- 1Department of Echocardiography, Second Affiliated Hospital of Dalian Medical University, Dalian, China
- 2Department of Cardiac Surgery, Second Affiliated Hospital of Dalian Medical University, Dalian, China
- 3Department of Pathology, Second Affiliated Hospital of Dalian Medical University, Dalian, China
Cardiac myxoma is a common benign tumor, however, myxoma extensively distributed on the mitral valve is rare and seldom reported. A patient who presented with exertional dyspnea and chest tightness was examined by transthoracic and transesophageal echocardiography successively.
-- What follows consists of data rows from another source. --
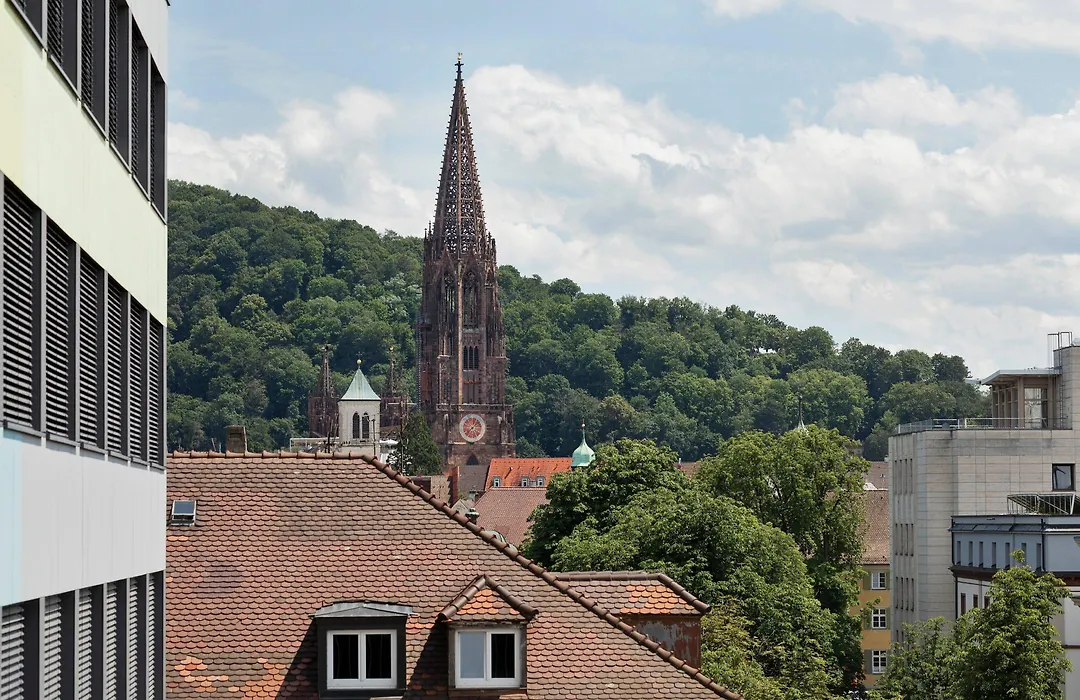 Courtyard By Marriott Freiburg-1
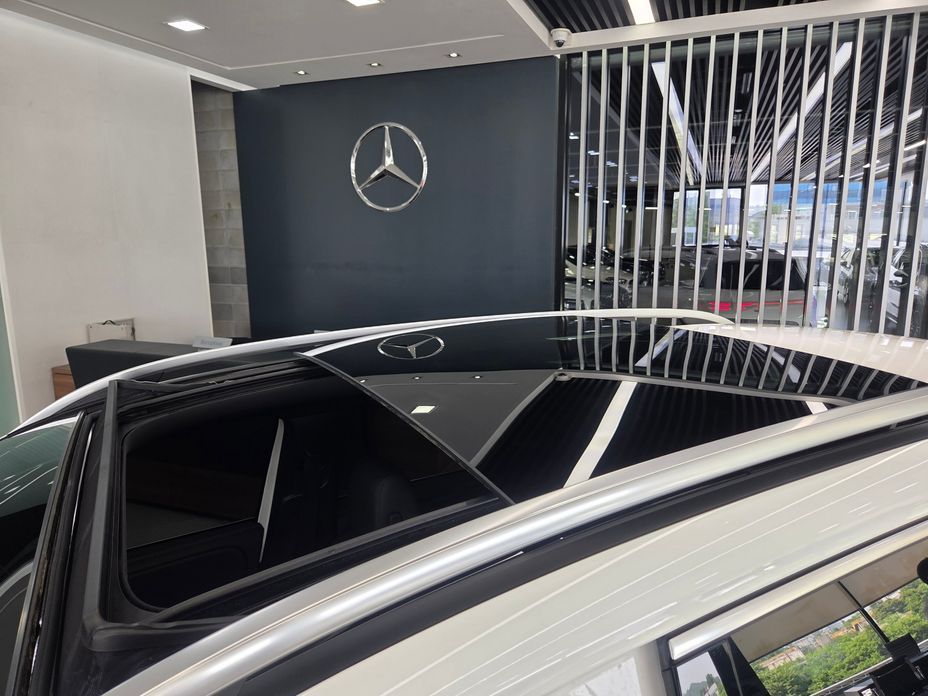 Mercedes-Benz EQB 2025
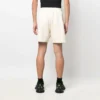 Sweatshorts för Political Campaign ”Beige” 676137TKVI98962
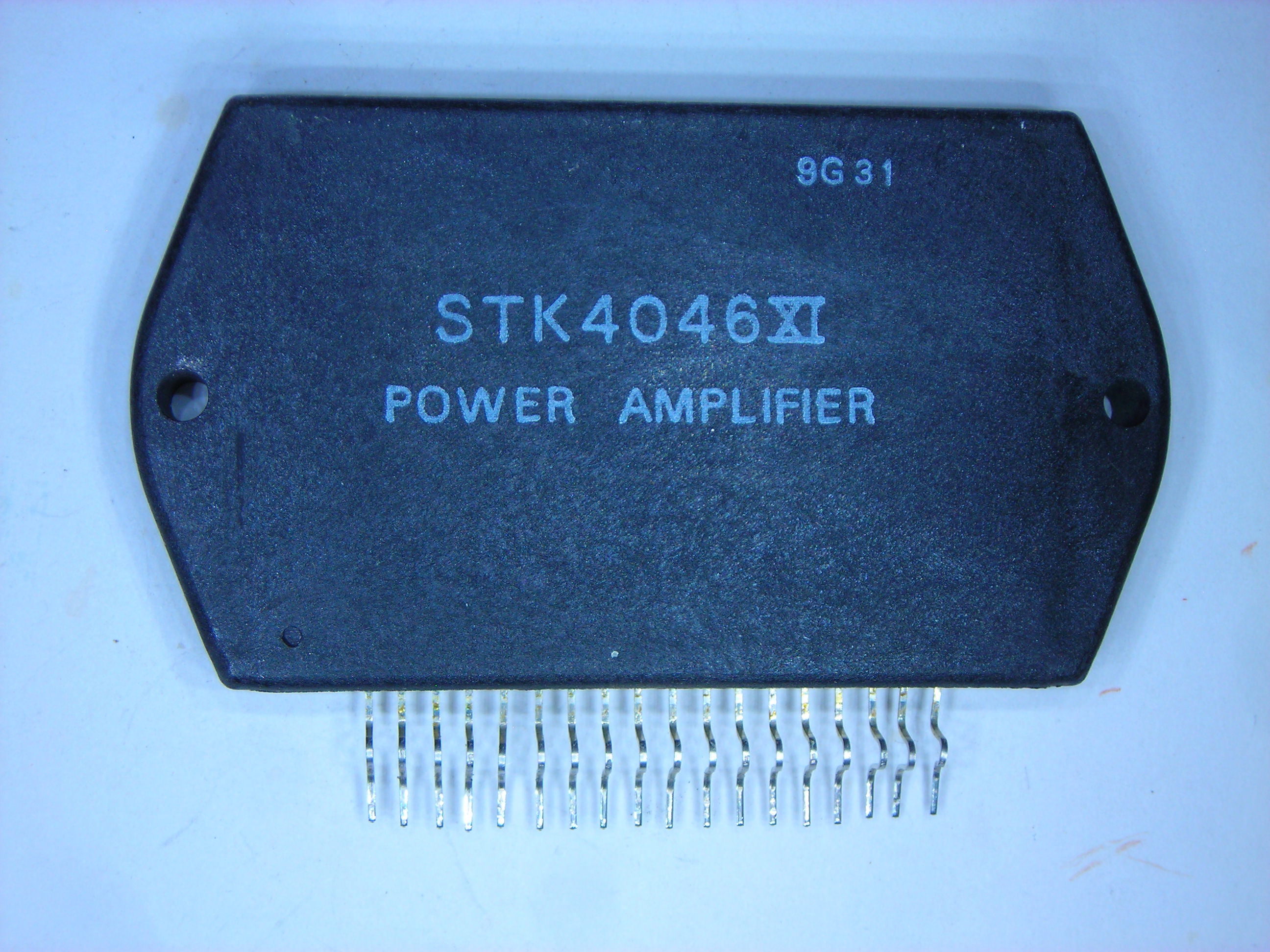 STK4046XI          18P SIP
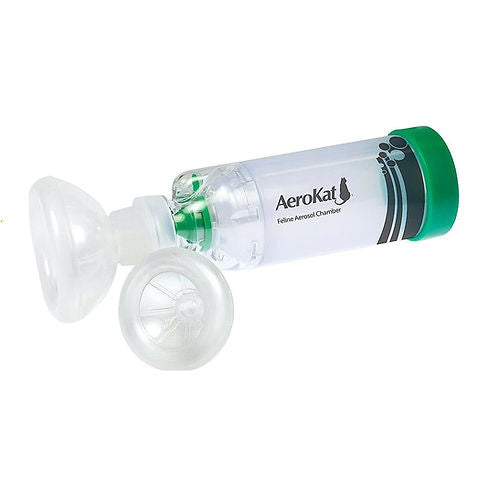 AeroKat Inhalation Chamber for Cats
Multiple neoplasms on the mitral valve with moderate mitral regurgitation were found and were further proved to be a diffuse myxoma on the mitral valve by histology. Three-dimensional transesophageal echocardiography provided a precise evaluation of the mitral valve neoplasms, contributing to clinical decision-making.
1 Introduction
Cardiac myxoma is the most common primary benign tumor of the heart. However, a myxoma that is extensively attached to leaflets and sub-valvular structures is rare, the morphology and histological pathology of which are quite different from typical single or multiple myxomas on the cardiac valves or in the cardiac chamber. Three-dimensional transesophageal echocardiography (3D-TEE) can provide a detailed characterization of such diffuse lesions from a surgical perspective, contributing to accurate assessment and treatment decision-making for the patient.
2 Case presentation
A 51-year-old male was admitted to the hospital due to exertional dyspnea and chest tightness. The patient had no fever, dizziness, headache, amaurosis, nocturnal wheezing, or limb edema. He had a history of hypertension for more than 10 years without any special family history. Physical examination showed a full-systolic blowing murmur at the apex of the heart. The electrocardiogram (ECG) demonstrated normal sinus rhythm with a heart rate of 85 beats per minute.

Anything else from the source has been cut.